Results: CHN, ESP, GBR, FRA
The second day of finals featured the men’s and women’s solo races. On the water it was an offshore cross breeze.
It came down to Spain and China in the final of the men’s solo. Adrian Miramon Quiroga of Spain was up against Zhe Huang of China. Miramon had the better sprint to his boat and got away the quickest. Both crews rated high with Spain on 49 and China hitting 46. China had the better course and took a better final buoy turn, but Miramon had the rowing power. Miramon became the inaugural gold medallist in the men’s solo.
The B-final race for bronze was between Hong Kong’s Tik Lun Chan and Ivan Bove of France. Chan was unlucky at the start as his seat came off which cost him a few seconds. Bove was able to take off and gain a 50m lead. Chan was never able to eat away at this lead with Bove taking the bronze medal.
Results: ESP, CHN, FRA, HKG
CM1x, Gold Medallist, Adrian Miramon Quiroga (ESP);
“I had already seen the performance of the Chinese rower so I knew it would be a tough race, so I was a bit nervous at the beginning. Zhe Huang is fast so I had to get the advantage in the sprint to the boats as I haven’t been rowing for a long time. I am really happy that I was able to make it to the A Final and then win the gold medal.
CM1x, Silver Medallist, Zhe Huang (CHN)
“It was a very tough race and I was exhausted after competing several times this afternoon. I didn’t perform as well as I did in the time trials on Friday. To be honest, I am disappointed that I didn’t win the gold medal but I will come back next year to try and win it.”
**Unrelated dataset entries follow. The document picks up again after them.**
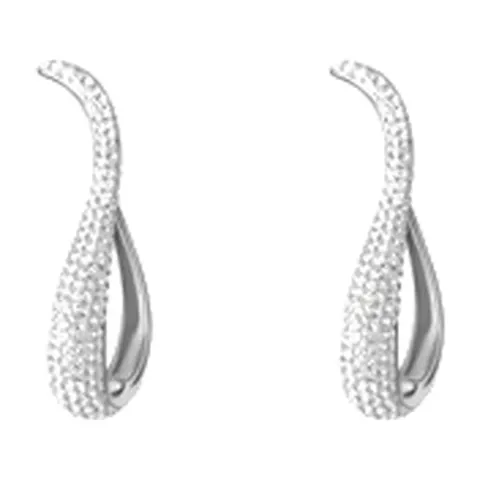 Stroili Aura Collection Orecchini pendenti con cristalli Acciaio 1688070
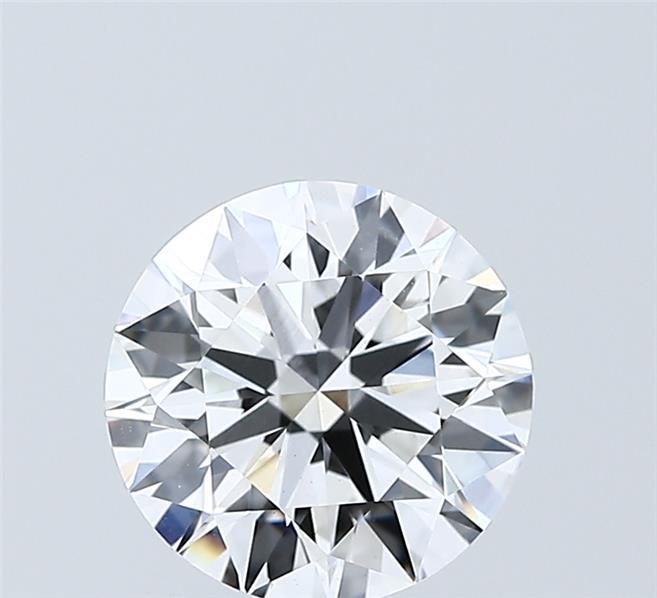2.01 Carat Round Shaped, Ideal Cut, D Color, VS1 Clarity, IGI Certified Lab Grown Diamond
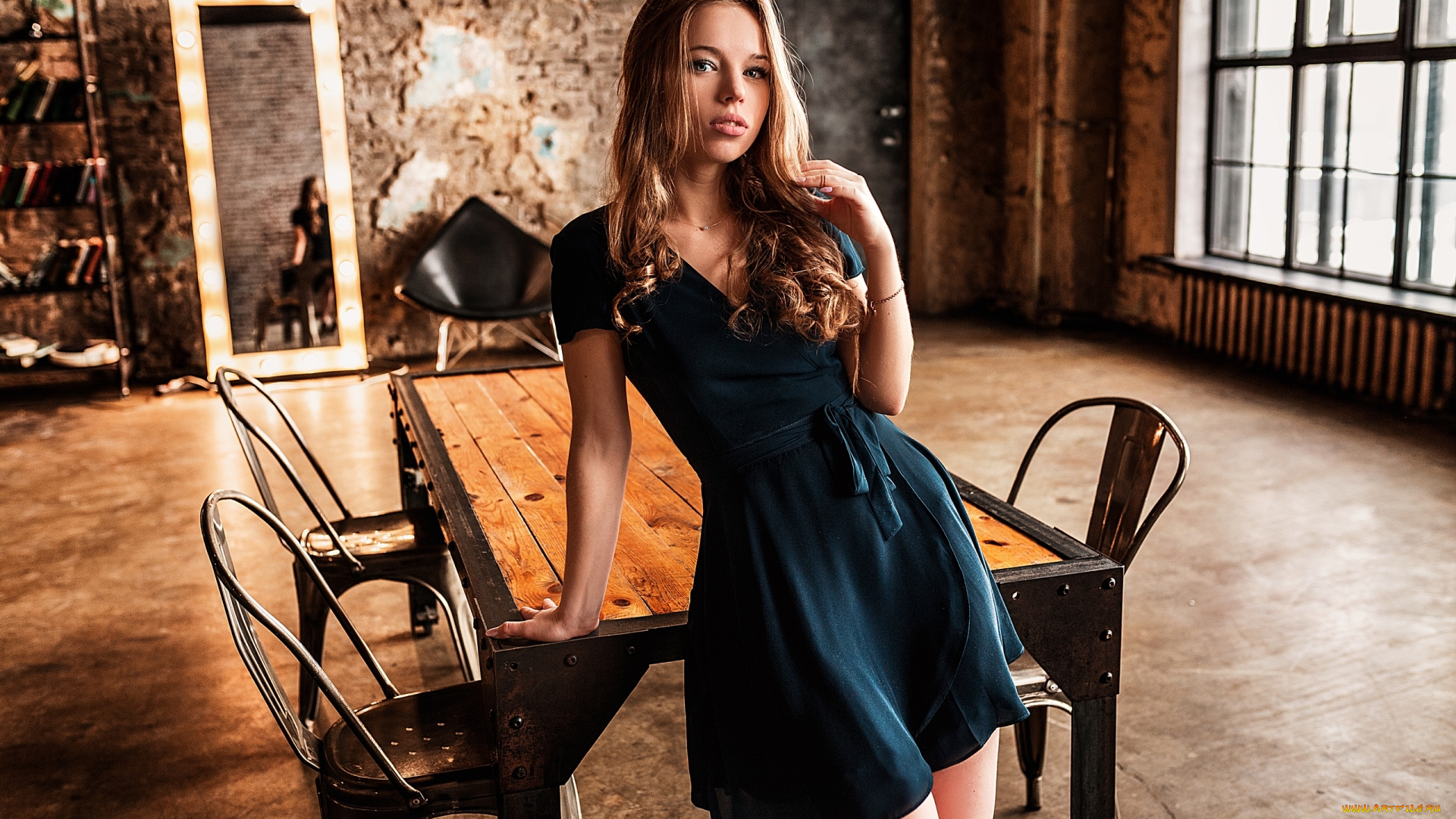 девушка, девушки, -unsort, , рыжеволосые, и, другие, модель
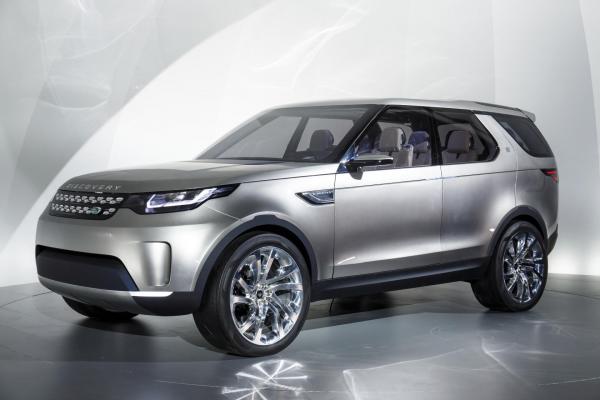 discovery vision land rover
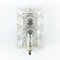 Vintage German Sconce in Bubble Glass and Brass by Helena Tynell for Limburg, 1960s, Image 1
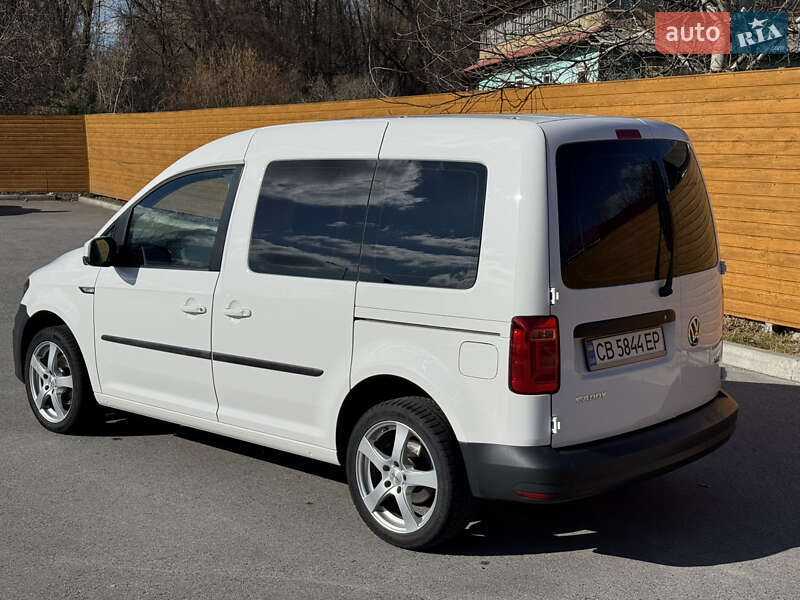 Volkswagen Caddy (2016)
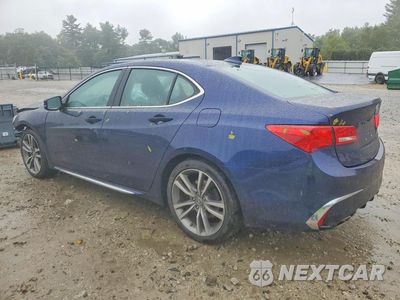 Drugie zdjęcie samochodu z przodu: 2020 ACURA TLX TECHNOLOGY VIN:19UUB3F43LA000114 - miniatura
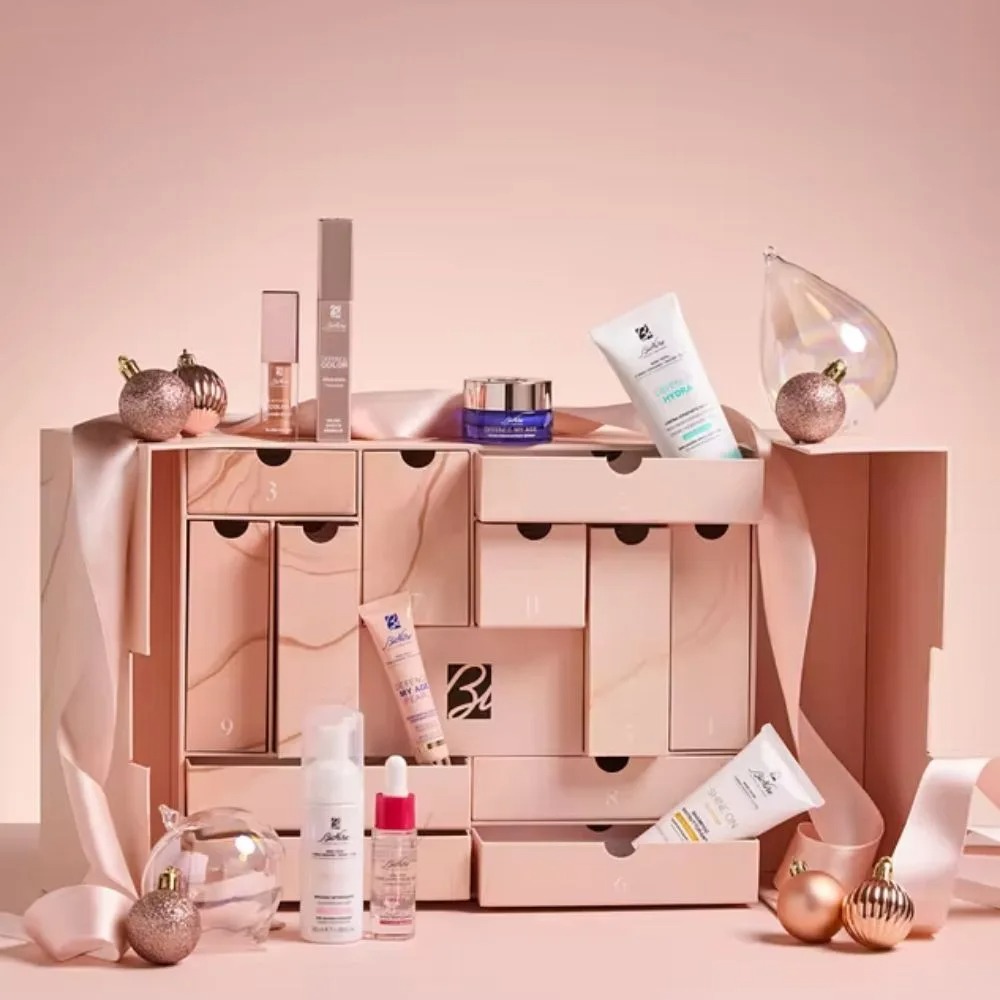 Bionike Calendario dell'Avvento 2025 Skincare & Make-Up 12 Caselle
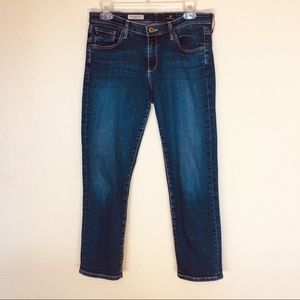 Adriano Goldschmeid The Stilt Crop Cigarette Crop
For the women’s solo China and Great Britain raced for the gold medal. China’s Yuting Zheng had the faster run to her boat and got away first. Zheng then took her stroke rate to 44, a full 6 pips higher than Great Britain’s Robyn Hart-Winks. This saw Zheng move away from Hart-Winks and grow her lead as the race progressed. Coming through to the finish Zheng raced to the line in a time of 2:45.
The race for bronze was between France and Greece. Zoi Fitsiou of Greece was the first to her boat and she steadied into a 37 stroke rate pace. This got Fitsiou a handy lead over Diane Delalleau of France. Delalleau had also raced in the mixed quad where she finished fourth yesterday. It was another fourth for Delalleau as Fitsiou led through to the finish.
Results: CHN, GBR, GRE, FRA
CW1x, Gold Medallist, Yiting Zheng;
“It was a really good race for me, I was really focusing on all the details to make sure I didn’t make any mistakes. I was hoping to win the gold medal and I’m really happy that I did. I will definitely compete next year.”
CW1x, Silver Medallist, Robyn Hart-Winks (GBR);
“I am really happy about this medal! In training this morning, I had a crash when coming onto the beach so I was kind of nervous going into the race. It’s amazing that I got a silver medal today and I’m really happy with it!”